18 de setembro de 2011

Androginia

 Neste post, deixo as palavras retirada de um artigo apresentado no colóquio falarem por mim. 

Entre o n(ex)o e o s(ex)o: formação de sentido, gênero e cultura das aparências
Marco Antônio Vieira

"Ainda que tomemos de empréstimo construtos de Lacan e de Judith Butler para falarmos desse mistério que é puro gris, pois que se encontra numa zona fronteiriça, numa zona litoral e o que é esta margem entre a água e a terra senão isto a que se chama fronteira?...
Andrej Pejic 2011 

...androginias. Uma vez que a roupa e a construção da aparência são máscara e encenação, as estruturas sígnicas atreladas à apresentação do macho ou da fêmea em nossa espécie são pura construção formal, situadas historicamente, dados da cultura de um período e civilização.
Ao analisarmos o panorama de imagens do passado da civilização ocidental, constata-se o quão infinitamente mais paramentados e enfeitados eram os homens do passado. Mesmo em Roma, onde , como se sabe, imperava certa austeridade no tocante às roupas, quando se comparam os romanos aos bizantinos, por exemplo, um senador era incapaz de vestir-se sem o auxílio de um servo encarregado de recobrir e envolver o corpo de seu amo com cerca de 6m de tecido.

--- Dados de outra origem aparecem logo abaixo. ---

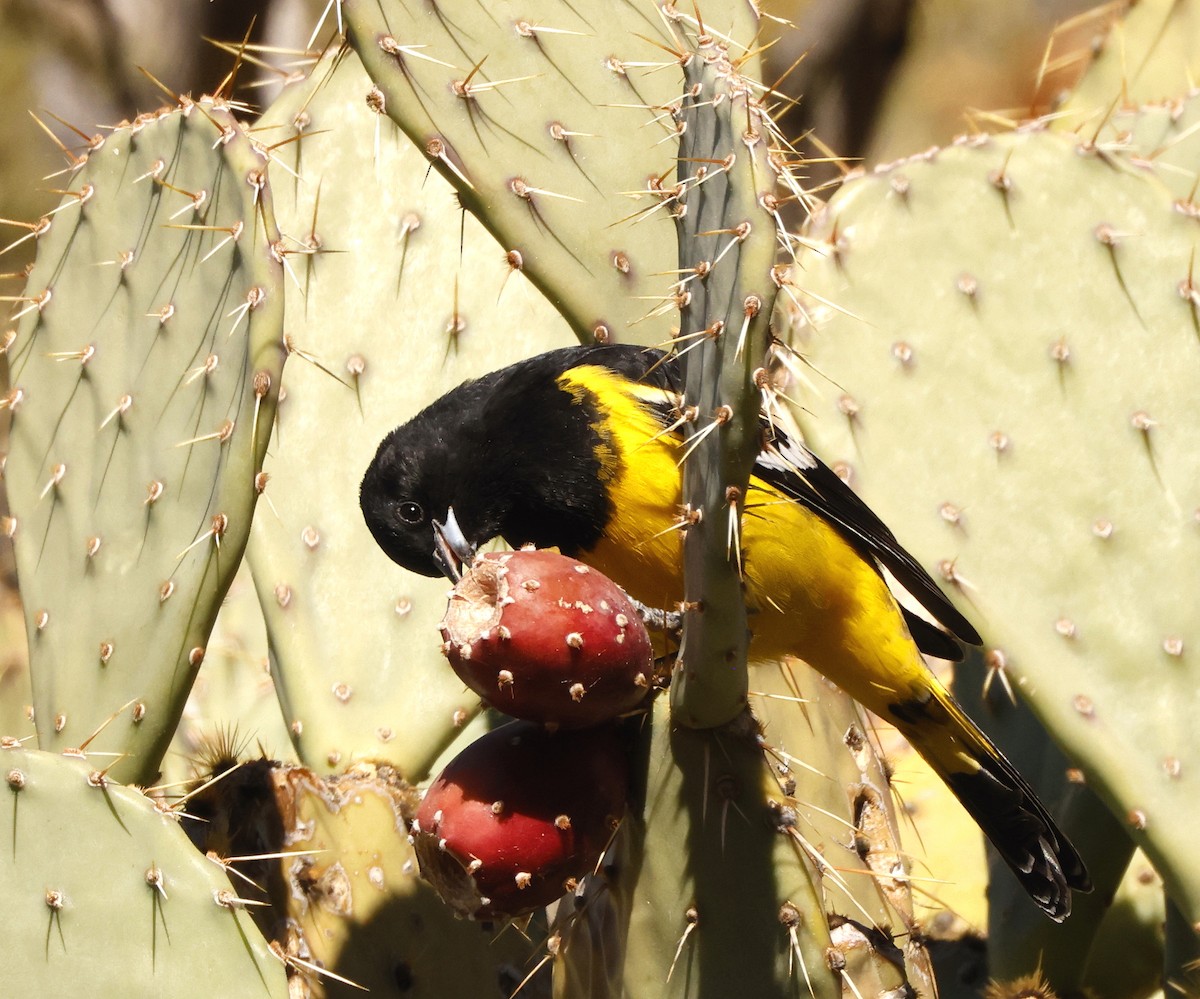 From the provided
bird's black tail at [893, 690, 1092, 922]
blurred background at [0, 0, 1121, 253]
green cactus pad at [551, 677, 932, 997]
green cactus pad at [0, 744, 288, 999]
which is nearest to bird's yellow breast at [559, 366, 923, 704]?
bird's black tail at [893, 690, 1092, 922]

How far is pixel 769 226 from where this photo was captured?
1.40 m

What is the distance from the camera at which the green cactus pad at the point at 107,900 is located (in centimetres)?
171

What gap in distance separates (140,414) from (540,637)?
913mm

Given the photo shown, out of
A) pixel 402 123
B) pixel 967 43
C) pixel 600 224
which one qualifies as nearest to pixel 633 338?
pixel 600 224

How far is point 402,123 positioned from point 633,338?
0.51 m

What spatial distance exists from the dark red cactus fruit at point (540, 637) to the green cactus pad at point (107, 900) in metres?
0.50

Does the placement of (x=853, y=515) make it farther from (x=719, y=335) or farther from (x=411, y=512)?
(x=719, y=335)

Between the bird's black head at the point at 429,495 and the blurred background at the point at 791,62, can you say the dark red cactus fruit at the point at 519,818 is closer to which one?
the bird's black head at the point at 429,495

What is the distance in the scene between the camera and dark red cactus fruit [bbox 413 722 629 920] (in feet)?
5.04

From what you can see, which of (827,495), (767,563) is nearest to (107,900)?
(767,563)

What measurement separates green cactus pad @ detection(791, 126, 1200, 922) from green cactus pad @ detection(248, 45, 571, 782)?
0.60m

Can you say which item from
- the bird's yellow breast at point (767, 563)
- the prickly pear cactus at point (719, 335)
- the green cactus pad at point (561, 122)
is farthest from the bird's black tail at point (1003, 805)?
the prickly pear cactus at point (719, 335)

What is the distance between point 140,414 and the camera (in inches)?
81.7

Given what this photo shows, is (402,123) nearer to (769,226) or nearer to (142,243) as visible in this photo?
(142,243) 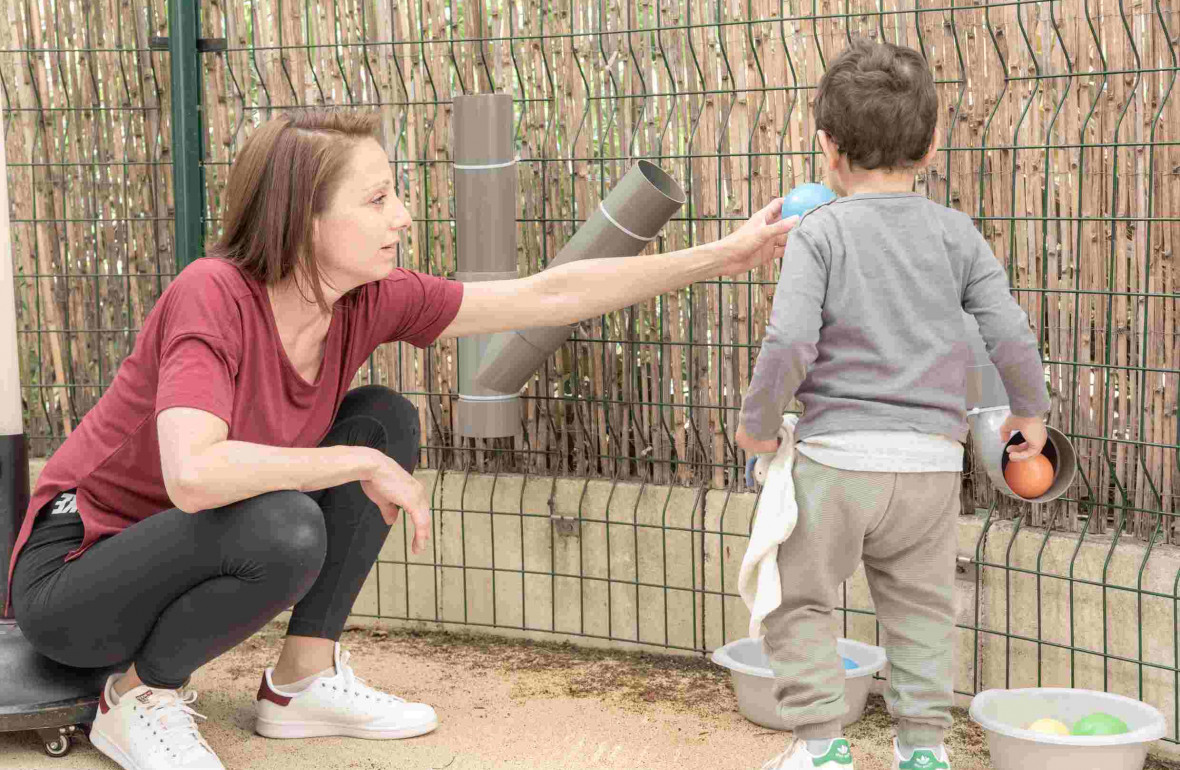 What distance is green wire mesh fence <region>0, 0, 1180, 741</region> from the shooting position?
9.34ft

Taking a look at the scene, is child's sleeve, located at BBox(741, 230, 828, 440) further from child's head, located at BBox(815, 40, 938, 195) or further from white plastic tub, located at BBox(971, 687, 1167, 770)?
white plastic tub, located at BBox(971, 687, 1167, 770)

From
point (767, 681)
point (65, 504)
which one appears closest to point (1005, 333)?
point (767, 681)

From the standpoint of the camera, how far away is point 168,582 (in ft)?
7.84

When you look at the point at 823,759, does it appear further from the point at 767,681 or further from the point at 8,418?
the point at 8,418

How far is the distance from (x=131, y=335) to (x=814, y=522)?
2398 millimetres

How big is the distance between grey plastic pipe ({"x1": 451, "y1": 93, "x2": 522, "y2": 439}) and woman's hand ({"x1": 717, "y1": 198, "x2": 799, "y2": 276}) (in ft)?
2.68

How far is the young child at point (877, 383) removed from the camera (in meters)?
2.28

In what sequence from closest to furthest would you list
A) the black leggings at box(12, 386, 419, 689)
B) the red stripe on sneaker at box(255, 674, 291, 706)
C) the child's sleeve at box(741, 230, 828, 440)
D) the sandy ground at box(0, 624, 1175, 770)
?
1. the child's sleeve at box(741, 230, 828, 440)
2. the black leggings at box(12, 386, 419, 689)
3. the sandy ground at box(0, 624, 1175, 770)
4. the red stripe on sneaker at box(255, 674, 291, 706)

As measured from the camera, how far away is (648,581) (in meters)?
3.44

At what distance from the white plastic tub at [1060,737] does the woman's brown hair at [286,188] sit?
60.5 inches

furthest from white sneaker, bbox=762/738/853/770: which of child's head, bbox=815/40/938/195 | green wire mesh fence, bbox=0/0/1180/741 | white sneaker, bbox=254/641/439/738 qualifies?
child's head, bbox=815/40/938/195

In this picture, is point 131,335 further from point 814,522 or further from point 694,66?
point 814,522

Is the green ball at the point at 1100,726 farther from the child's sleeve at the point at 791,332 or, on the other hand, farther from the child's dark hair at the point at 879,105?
the child's dark hair at the point at 879,105

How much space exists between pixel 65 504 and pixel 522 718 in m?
1.08
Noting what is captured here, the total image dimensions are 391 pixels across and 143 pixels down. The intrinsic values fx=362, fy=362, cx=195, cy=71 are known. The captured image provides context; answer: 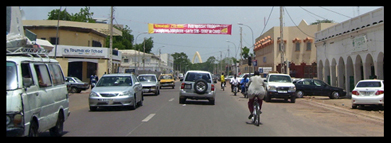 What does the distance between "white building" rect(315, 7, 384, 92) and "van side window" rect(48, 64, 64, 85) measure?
19613mm

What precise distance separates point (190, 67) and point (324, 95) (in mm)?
137086

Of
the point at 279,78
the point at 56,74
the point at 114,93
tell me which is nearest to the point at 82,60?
the point at 279,78

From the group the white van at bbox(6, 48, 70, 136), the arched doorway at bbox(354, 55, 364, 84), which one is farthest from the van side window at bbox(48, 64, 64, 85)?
the arched doorway at bbox(354, 55, 364, 84)

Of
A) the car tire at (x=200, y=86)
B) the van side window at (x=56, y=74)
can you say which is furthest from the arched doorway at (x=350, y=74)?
the van side window at (x=56, y=74)

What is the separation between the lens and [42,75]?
7.79 meters

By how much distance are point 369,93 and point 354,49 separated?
11.0m

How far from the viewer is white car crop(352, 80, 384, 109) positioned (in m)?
16.1

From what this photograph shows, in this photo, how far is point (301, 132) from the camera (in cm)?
999

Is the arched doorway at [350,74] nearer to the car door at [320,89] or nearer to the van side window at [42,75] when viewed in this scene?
the car door at [320,89]

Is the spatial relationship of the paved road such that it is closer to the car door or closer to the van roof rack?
the van roof rack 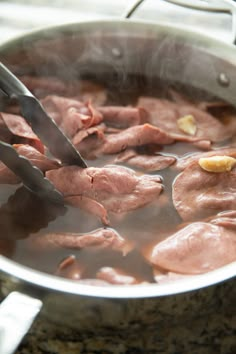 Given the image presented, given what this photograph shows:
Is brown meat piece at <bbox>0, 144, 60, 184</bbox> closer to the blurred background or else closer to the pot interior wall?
the pot interior wall

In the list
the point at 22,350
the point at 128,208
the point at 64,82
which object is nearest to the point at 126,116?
the point at 64,82

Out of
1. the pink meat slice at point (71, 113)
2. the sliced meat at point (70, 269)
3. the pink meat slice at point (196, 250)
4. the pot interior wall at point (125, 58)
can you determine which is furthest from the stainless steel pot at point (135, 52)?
the sliced meat at point (70, 269)

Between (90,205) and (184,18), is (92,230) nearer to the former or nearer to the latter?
(90,205)

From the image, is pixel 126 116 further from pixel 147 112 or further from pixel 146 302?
pixel 146 302

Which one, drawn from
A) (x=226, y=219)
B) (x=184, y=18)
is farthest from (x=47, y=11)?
(x=226, y=219)

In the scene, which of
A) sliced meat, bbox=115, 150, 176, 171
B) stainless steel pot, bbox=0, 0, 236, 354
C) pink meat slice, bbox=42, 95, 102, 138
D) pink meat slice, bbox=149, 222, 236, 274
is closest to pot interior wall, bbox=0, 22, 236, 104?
stainless steel pot, bbox=0, 0, 236, 354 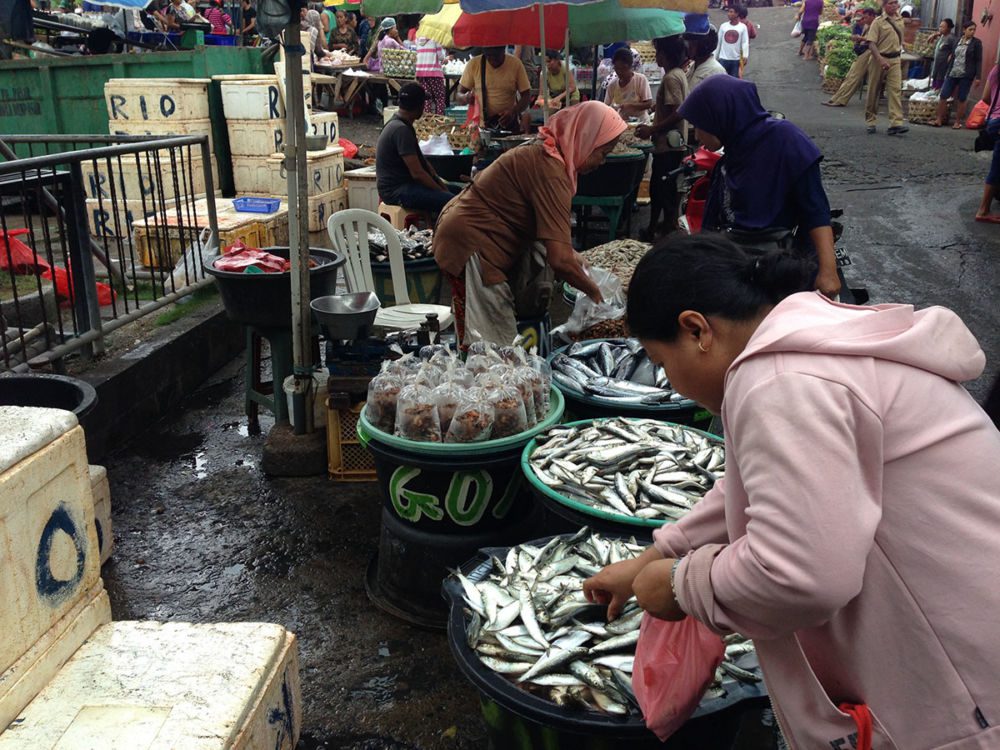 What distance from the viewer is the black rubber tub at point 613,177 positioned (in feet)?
29.9

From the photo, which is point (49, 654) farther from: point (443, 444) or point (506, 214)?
point (506, 214)

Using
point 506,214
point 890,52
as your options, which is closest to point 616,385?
point 506,214

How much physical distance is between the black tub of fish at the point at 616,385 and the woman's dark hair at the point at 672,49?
6.11 metres

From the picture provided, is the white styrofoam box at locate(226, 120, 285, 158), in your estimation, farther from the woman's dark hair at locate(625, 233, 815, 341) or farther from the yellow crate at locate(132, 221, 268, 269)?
the woman's dark hair at locate(625, 233, 815, 341)

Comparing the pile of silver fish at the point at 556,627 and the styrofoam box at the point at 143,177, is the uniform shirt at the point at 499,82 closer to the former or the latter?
the styrofoam box at the point at 143,177

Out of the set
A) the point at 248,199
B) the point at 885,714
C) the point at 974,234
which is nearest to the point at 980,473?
the point at 885,714

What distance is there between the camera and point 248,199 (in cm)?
826

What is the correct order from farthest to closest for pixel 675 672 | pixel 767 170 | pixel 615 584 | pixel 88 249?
pixel 88 249, pixel 767 170, pixel 615 584, pixel 675 672

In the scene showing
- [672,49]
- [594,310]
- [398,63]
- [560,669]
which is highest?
[398,63]

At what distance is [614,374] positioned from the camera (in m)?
4.67

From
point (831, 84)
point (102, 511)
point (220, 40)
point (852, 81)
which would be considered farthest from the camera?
point (831, 84)

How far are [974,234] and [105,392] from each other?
10.0m

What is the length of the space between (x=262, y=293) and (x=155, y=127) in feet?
16.0

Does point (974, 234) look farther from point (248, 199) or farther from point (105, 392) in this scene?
point (105, 392) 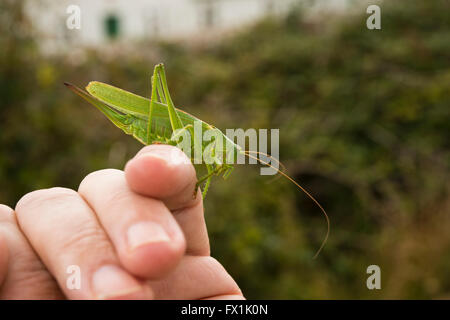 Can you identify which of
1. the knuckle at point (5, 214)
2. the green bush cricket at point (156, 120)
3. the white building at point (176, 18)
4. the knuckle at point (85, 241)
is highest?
the white building at point (176, 18)

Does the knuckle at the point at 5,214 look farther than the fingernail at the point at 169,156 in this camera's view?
Yes

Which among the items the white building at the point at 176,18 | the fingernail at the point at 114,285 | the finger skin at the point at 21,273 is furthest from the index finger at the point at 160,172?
the white building at the point at 176,18

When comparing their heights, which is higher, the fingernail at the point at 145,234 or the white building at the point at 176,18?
the white building at the point at 176,18

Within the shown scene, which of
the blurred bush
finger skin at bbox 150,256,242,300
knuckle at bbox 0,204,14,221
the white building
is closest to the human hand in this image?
knuckle at bbox 0,204,14,221

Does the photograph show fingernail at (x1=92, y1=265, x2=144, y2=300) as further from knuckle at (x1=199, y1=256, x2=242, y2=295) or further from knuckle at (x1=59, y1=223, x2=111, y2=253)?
knuckle at (x1=199, y1=256, x2=242, y2=295)

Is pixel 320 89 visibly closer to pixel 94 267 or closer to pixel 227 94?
pixel 227 94

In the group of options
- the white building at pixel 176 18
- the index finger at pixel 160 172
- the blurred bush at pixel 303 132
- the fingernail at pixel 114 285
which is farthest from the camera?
the white building at pixel 176 18

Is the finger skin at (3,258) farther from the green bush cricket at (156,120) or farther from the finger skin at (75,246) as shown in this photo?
the green bush cricket at (156,120) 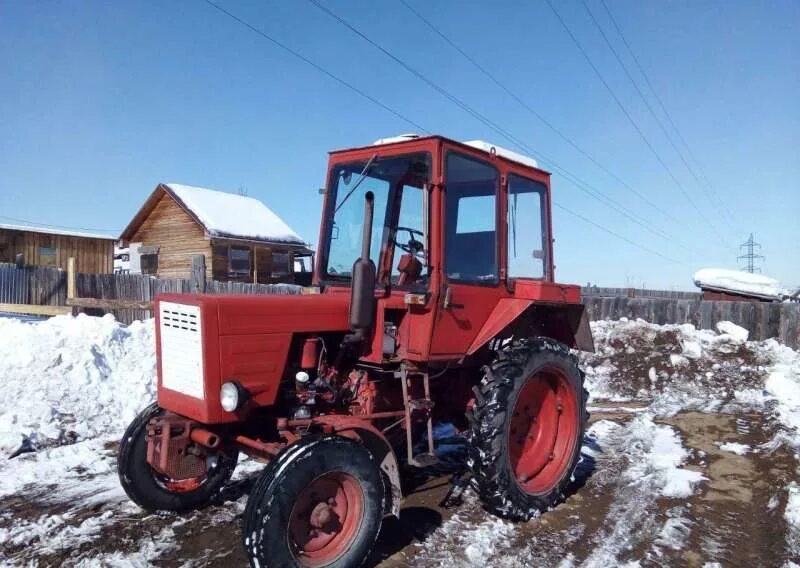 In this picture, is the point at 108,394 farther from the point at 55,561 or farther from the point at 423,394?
the point at 423,394

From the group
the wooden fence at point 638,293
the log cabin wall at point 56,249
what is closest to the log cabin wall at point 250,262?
the log cabin wall at point 56,249

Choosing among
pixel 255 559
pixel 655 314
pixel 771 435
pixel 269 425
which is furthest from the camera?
pixel 655 314

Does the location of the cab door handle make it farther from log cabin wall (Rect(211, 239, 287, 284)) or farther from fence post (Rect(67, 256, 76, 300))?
log cabin wall (Rect(211, 239, 287, 284))

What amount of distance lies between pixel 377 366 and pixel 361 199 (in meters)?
1.34

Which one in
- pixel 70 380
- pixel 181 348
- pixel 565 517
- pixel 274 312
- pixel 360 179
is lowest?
pixel 565 517

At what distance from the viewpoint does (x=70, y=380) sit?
7.34 meters

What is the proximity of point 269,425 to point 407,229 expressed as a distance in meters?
1.74

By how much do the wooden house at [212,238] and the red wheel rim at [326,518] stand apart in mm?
19965

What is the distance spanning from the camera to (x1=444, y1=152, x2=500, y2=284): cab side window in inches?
181

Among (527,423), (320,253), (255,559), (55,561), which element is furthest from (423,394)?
(55,561)

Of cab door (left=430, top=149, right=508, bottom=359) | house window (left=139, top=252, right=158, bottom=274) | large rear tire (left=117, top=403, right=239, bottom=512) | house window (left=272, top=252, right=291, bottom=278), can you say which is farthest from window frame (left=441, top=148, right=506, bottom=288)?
house window (left=139, top=252, right=158, bottom=274)

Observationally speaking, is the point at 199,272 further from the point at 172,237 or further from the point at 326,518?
the point at 172,237

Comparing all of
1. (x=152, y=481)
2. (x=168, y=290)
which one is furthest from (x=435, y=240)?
(x=168, y=290)

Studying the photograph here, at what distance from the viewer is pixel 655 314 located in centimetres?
1515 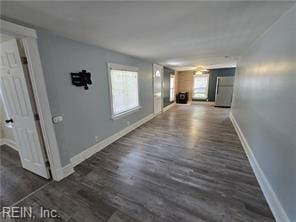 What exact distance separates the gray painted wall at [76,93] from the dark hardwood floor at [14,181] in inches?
21.7

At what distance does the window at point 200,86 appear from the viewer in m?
9.29

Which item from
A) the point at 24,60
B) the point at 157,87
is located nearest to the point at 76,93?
the point at 24,60

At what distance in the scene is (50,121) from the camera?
212cm

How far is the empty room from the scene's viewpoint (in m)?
1.52

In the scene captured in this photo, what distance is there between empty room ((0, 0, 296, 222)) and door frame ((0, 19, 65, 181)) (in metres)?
0.01

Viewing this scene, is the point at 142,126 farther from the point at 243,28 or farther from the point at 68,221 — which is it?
the point at 243,28

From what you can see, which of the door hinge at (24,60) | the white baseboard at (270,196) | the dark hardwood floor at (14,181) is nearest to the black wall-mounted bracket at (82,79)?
the door hinge at (24,60)

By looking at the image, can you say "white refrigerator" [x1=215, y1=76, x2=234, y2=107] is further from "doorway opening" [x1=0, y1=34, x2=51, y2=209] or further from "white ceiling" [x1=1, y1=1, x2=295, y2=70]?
"doorway opening" [x1=0, y1=34, x2=51, y2=209]

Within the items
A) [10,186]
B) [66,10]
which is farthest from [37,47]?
[10,186]

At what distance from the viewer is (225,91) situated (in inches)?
311

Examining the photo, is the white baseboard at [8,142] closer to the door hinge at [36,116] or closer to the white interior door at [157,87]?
the door hinge at [36,116]

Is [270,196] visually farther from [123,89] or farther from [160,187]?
[123,89]

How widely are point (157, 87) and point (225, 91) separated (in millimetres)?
4464

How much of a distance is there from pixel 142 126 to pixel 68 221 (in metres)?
3.53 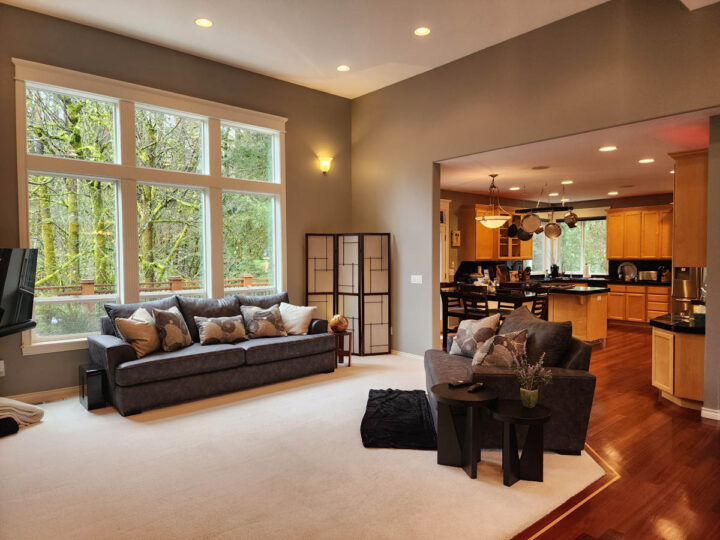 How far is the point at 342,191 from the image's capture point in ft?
23.1

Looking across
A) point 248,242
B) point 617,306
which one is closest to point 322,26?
point 248,242

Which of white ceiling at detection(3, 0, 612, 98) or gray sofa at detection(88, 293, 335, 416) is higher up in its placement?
white ceiling at detection(3, 0, 612, 98)

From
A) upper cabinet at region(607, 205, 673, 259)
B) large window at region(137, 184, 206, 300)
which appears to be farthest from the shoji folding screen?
upper cabinet at region(607, 205, 673, 259)

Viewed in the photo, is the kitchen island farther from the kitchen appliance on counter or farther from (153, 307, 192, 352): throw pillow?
(153, 307, 192, 352): throw pillow

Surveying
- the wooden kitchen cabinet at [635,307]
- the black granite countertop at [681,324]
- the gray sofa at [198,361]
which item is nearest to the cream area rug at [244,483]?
the gray sofa at [198,361]

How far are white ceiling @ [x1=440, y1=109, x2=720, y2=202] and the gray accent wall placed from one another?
36 cm

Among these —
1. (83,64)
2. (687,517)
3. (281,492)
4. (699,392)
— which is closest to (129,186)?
(83,64)

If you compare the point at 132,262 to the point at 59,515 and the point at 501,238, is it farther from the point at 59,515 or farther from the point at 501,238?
the point at 501,238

Cabe ainda lembrar que só os cidadãos romanos podiam trajar a toga e, portanto, excluíam-se deste privilégio societal, as mulheres, o que assinala o quanto o gênero sempre esteve associado às estruturas autorizadoras do poder na sociedade.
Jóias, maquiagem, penteados cobriam os corpos de mulheres e homens nas civilizações antigas de forma quase indistinta, com a possível ressalva de que aos homens à frente destas civilizações, seus monarcas, faraós, cabia maior dose de esplendor. A maioria destas civilizações, cabe lembrar, eram falocêntricas. Entre os animais, são os machos, como no caso de muitos pássaros, que se valem da exuberância de seus corpos para seduzir as fêmeas. Não se pode esquecer que um dos maiores ícones da moda na civilização ocidental foi um homem, Louis XIV, o Rei Sol, que esteve à frente da França Barroca e foi um grande amante do salto alto.
...O século XX abole em alguns momentos algumas dessas convenções e torna-se então um palco em que novas cenas para a apresentação da sexualidade se encenam.As fronteiras entre o masculino e o feminino começam a borrar-se intensamente e a um só tempo seduzem e assombram pelo mistério que comportam...
...Não existimos, portanto, a não ser como meios, mensagens de algo para alguém. Irremediavelmente fadados à redução linguageira, ao falar, ao interpretar uma imagem, evocam-se redes de significação outrora tramadas.
É o Outro da linguagem que fala por nós: rios de fios, novelos perdidos mas que não cessam de tramar-se a novas redes produzindo outros surtos de significação: Passado, presente e futuro confundem-se assim e aqui.
...O corpo-vestido masculino encontra-se hoje em um entre-lugar, o que significa que também a mulher se depara com as imagens encarregadas de traduzir a feminilidade em suspensão. Ocorre que, por uma espécie de esgotamento dos recursos e possibilidades de composição do design de moda feminino até por conta mesmo do fato de que o corpo-vestido masculino permaneceu, em linhas gerais, congelado e engessado, uma espécie de hibernação desde o século XIX, os olhares da moda voltam-se agora àquilo que pode advir do design de moda para o corpo do homem. É natural, portanto, que se abra uma palheta de possibilidades até há pouco tempo interditada ao universo masculino: inusitadas e incomuns combinações cromáticas, têxteis e formais, que incluem: saias–adotadas pelo Diretor de Criação da Louis Vuitton Marc Jacobs em suas últimas aparições públicas, calças de inspiração orientalista (Osklen, Mário Queiroz, Akihito Hira), paetês (Alexandre Herchcovitch), para citar apenas algumas das marcas e criadores que se aventuraram na busca de novas traduções do corpo-vestido masculino...
...O Design de Moda, nestes contextos, assume o papel de tradutor visual de novos olhares tramados sobre os lugares vestimentais do homem e da mulher. Trata-se, em outras palavras, de quase-manifestos, de defesas públicas de teses acerca de como se pode olhar um homem, a partir da maneira, modus, factio que ele se apresenta por meio de como recobre, envolve e adorna seu corpo´´.